For more information and memory troubleshooting methods, see SQL Server 2005 Monitoring Memory Usage (http://go.microsoft.com/fwlink/?LinkID=105585).

Monitor the following counters to ensure the health of disks. Note that the following values represent values measured over time — not values that occur during a sudden spike and not values that are based on a single measurement.

  • Physical Disk: % Disk Time: DataDrive   This counter shows the percentage of elapsed time that the selected disk drive is busy servicing read or write requests. Monitor this counter to ensure that it remains less than two times the number of disks.

  • Logical Disk: Disk Transfers/sec   This counter shows the rate at which read and write operations are performed on the disk. Use this counter to monitor growth trends and forecast appropriately.

  • Logical Disk: Disk Read Bytes/sec and Logical Disk: Disk Write Bytes/sec   These counters show the rate at which bytes are transferred from the disk during read or write operations.

  • Logical Disk: Avg. Disk Bytes/Read   This counter shows the average number of bytes transferred from the disk during read operations. This value can reflect disk latency — larger read operations can result in slightly increased latency.

  • Logical Disk: Avg. Disk Bytes/Write   This counter shows the average number of bytes transferred to the disk during write operations. This value can reflect disk latency — larger write operations can result in slightly increased latency.

  • Logical Disk: Current Disk Queue Length   This counter shows the number of requests outstanding on the disk at the time that the performance data is collected. For this counter, lower values are better. Values above 2 per disk may indicate a bottleneck and should be investigated. This means that a value of up to 8 may be acceptable for a LUN comprised of 4 disks. Bottlenecks can create a backlog that can spread beyond the current server that is accessing the disk, and result in long wait times for users. Possible solutions to a bottleneck are to add more disks to the RAID array, replace existing disks with faster disks, or move some data to other disks.

  • Logical Disk: Avg. Disk Queue Length   This counter shows the average number of both read and write requests that were queued for the selected disk during the sample interval. The rule is that there should be two or fewer outstanding read and write requests per spindle, but this can be difficult to measure because of storage virtualization and differences in RAID levels between configurations. Look for larger than average disk queue lengths in combination with larger than average disk latencies. This combination can indicate that the storage array cache is being overused or that spindle sharing with other applications is affecting performance.

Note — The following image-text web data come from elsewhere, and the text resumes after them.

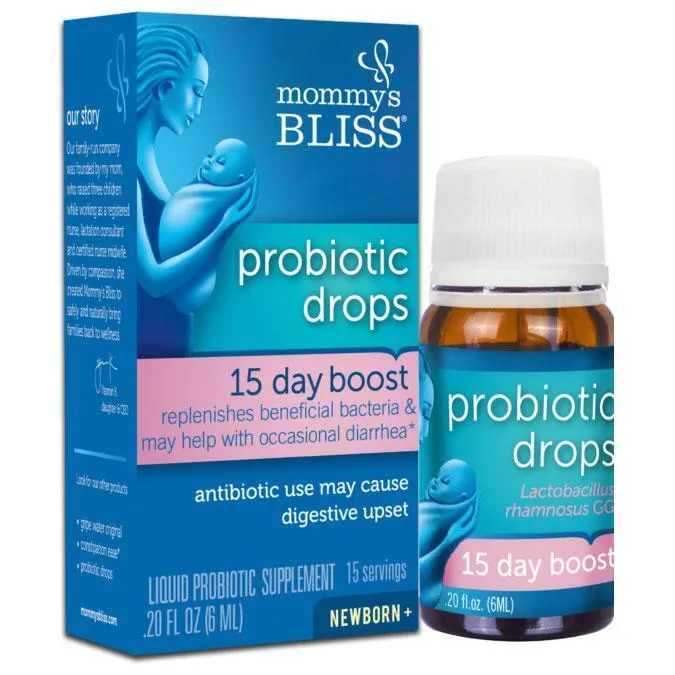 Mommy's Bliss Probiotico Gocce Neonato 15 Giorni 0.20 fl oz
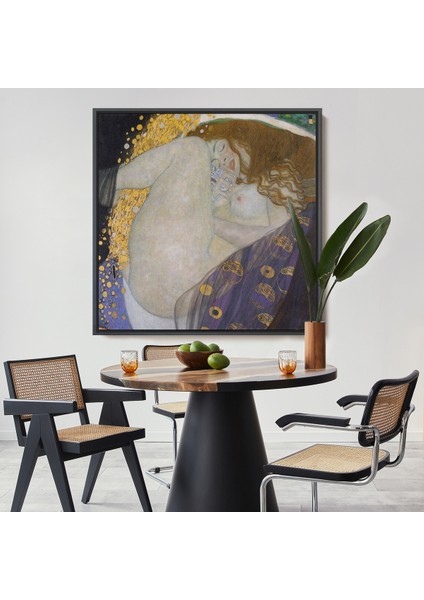 Çerçeveli Gustav Klimt'in Danae TABLOSU-8318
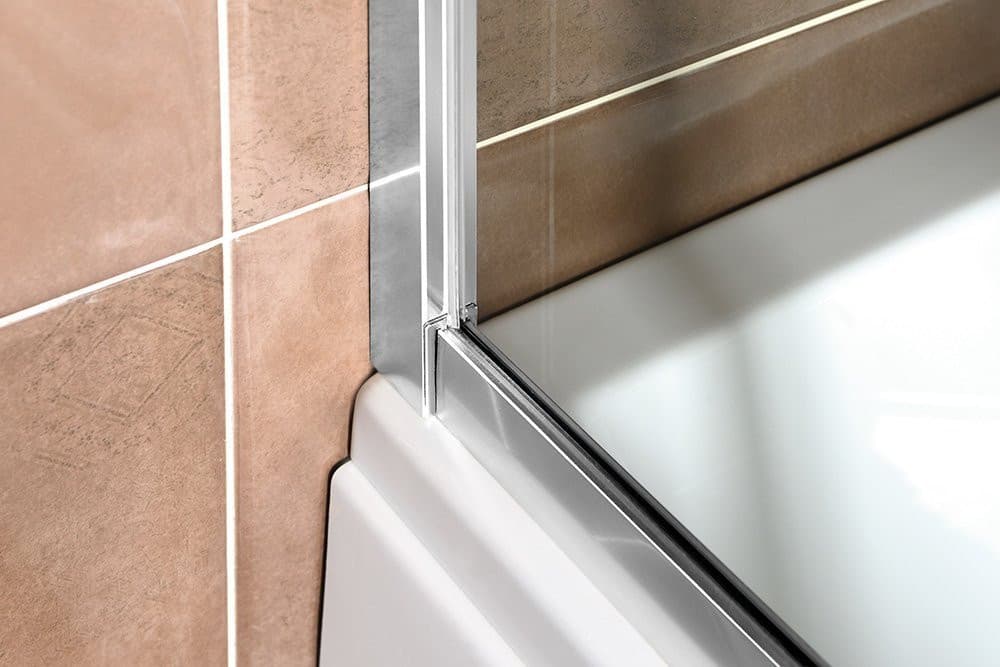 DEEP drzwi prysznicowe 1200x1650mm, szkło czyste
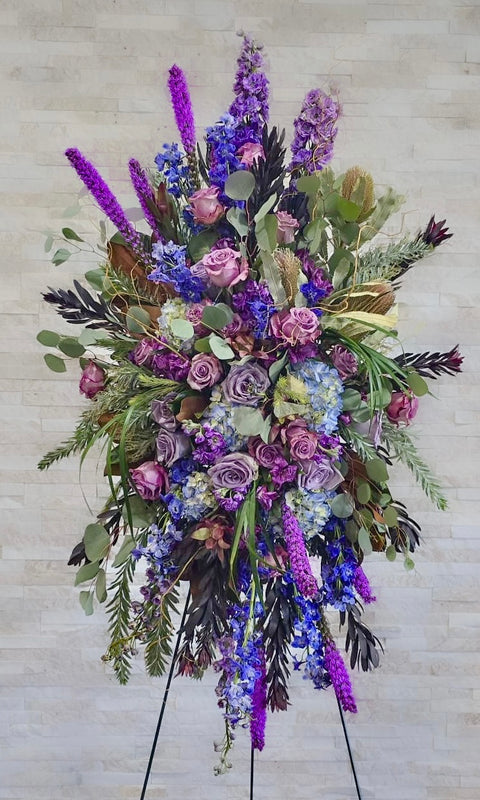 lavender luxury flower arrangement #280 Luxury Jewel Tone Standing Spray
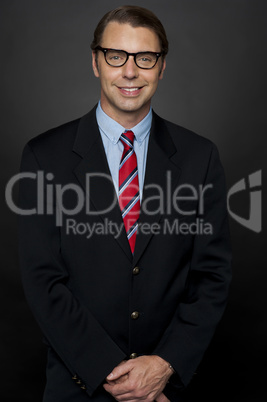 Portrait of successful young businessman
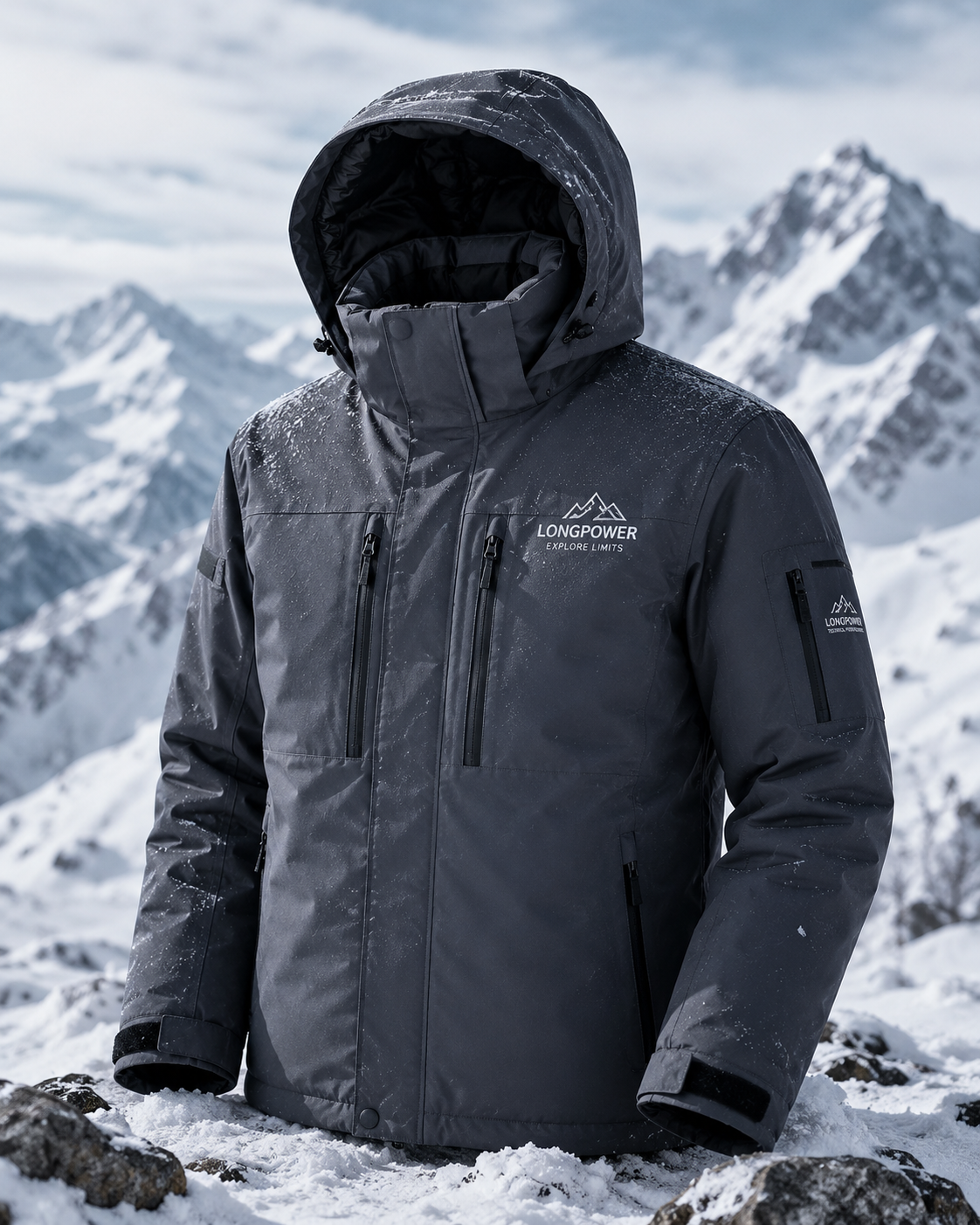 PeakShield alpine ski jacket in action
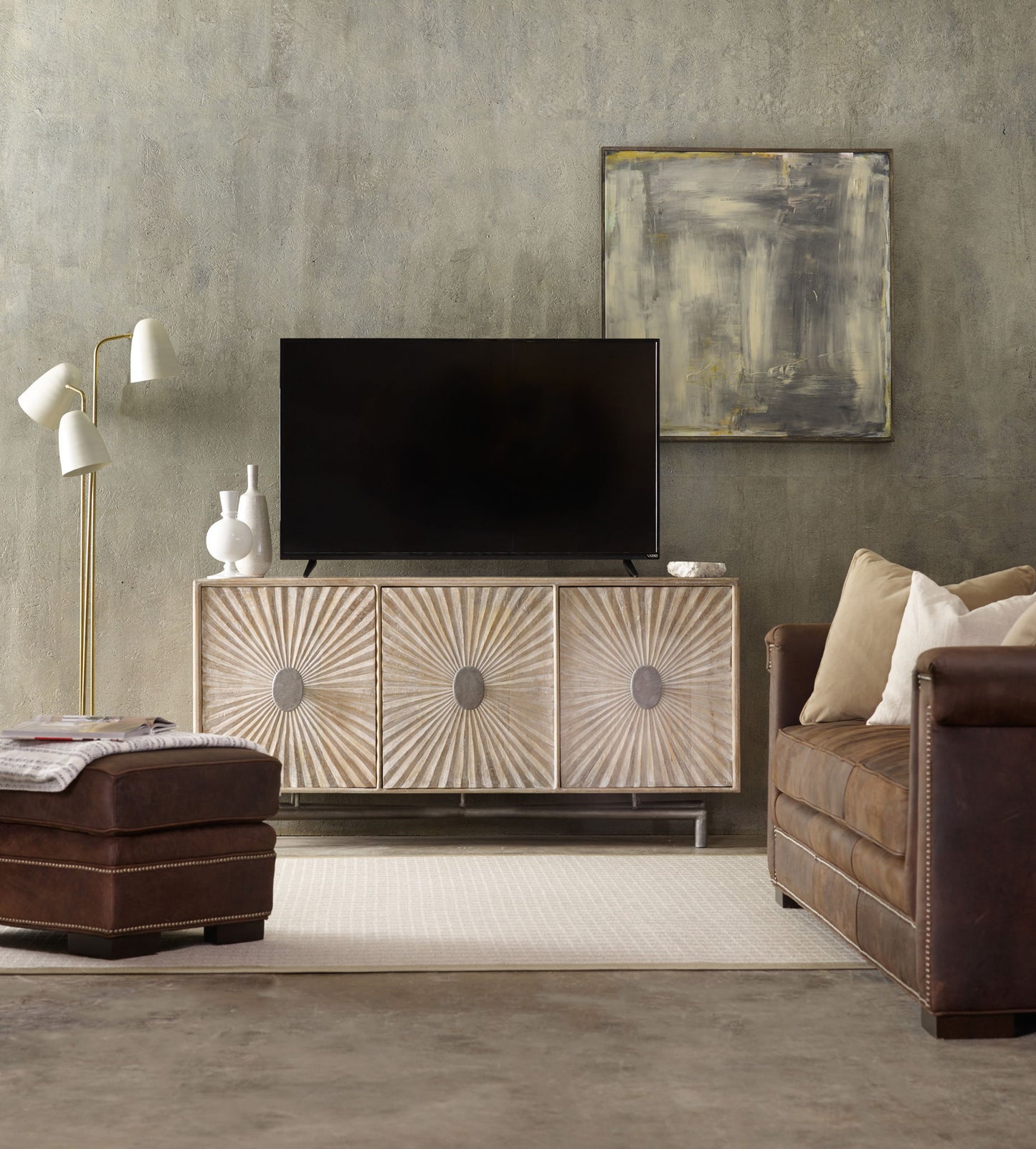 Home Accent - 68" Entertainment Console - Beige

  • Logical Disk: Avg. Disk sec/Read and Logical Disk: Avg. Disk sec/Write   These counters show the average time, in seconds, of a read or write operation to the disk. Monitor these counters to ensure that they remain below 85 percent of the disk capacity. Disk access time increases exponentially if read or write operations are more than 85 percent of disk capacity. To determine the specific capacity for your hardware, refer to the vendor documentation, or use the SQLIO Disk Subsystem Benchmark Tool to calculate it. For more information, see SQLIO Disk Subsystem Benchmark Tool (http://go.microsoft.com/fwlink/?LinkID=105586).

    • Logical Disk: Avg. Disk sec/Read   This counter shows the average time, in seconds, of a read operation from the disk. On a well-tuned system, ideal values are from 1-5 milliseconds (ms) for logs (ideally 1 ms on a cached array), and 4-20 ms for data (ideally less than 10 ms). Higher latencies can occur during peak times, but if high values occur regularly, you should investigate the cause.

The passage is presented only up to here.